Feb. 16, 2016 update: 'Open Road with Doug McConnell' will rebroadcast "Quiroste Valley" on Sunday, Feb. 21, at 6:30pm on NBC Bay Area (Channel 11).

Aug. 6, 2015—Gaspar de Portola’s expedition was bedraggled and scurvy-ridden in the fall of 1769 when it stumbled into the large Ohlone village of Quiroste, near present-day Ano Nuevo State Park. The natives fed the exhausted men and equipped them with guides, and within a week the Europeans had discovered San Francisco Bay.

Today that village site, scene of a pivotal historic moment in the colonization of California, is the center of the 225-acre Quiroste Valley Cultural Preserve. For the first time in centuries the valley is under the care of the first Californians—the Amah Mutsun Tribal Band, descendants of the local Ohlone tribes. The tribe is reintroducing traditional land use techniques.

“Long term, in three, four, five generations, we would like to have this valley look as it did at first contact,” says Tribal Chairman Valentine Lopez.
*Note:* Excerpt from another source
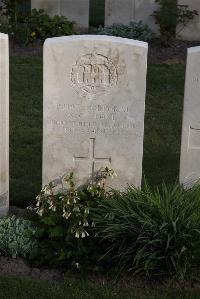 Coxyde Military Cemetery - Cloke, Sidney Charles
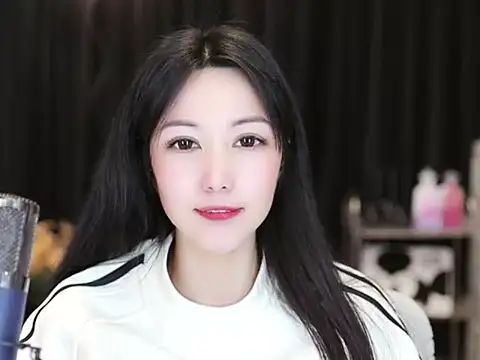 Nuyoah-77 online show from 01-21-25, 04:05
This Sunday, Aug. 9, Open Road with Doug McConnell explores the Quiroste Valley and the tribe’s work there removing invasive plants and deploying traditional methods of land stewardship.

In interviews with Lopez, Sempervirens Fund Executive Director Shelley Ratay, State Parks Cultural Historian Mark Hylkema, UC–Berkeley ethnobotanist Rob Cuthrell and Girls Scouts of Northern California CEO Marina Park, the show examines how, with support from Sempervirens, state parks and academics, the Amah Mutsun are establishing a land trust. Their goal is to return the land they inhabited for millennia to its pre-contact state through the techniques their ancestors used—and to pass that information on to the next generation. It's started with tribal members doing work on the land, and by sharing information with the Girl Scouts.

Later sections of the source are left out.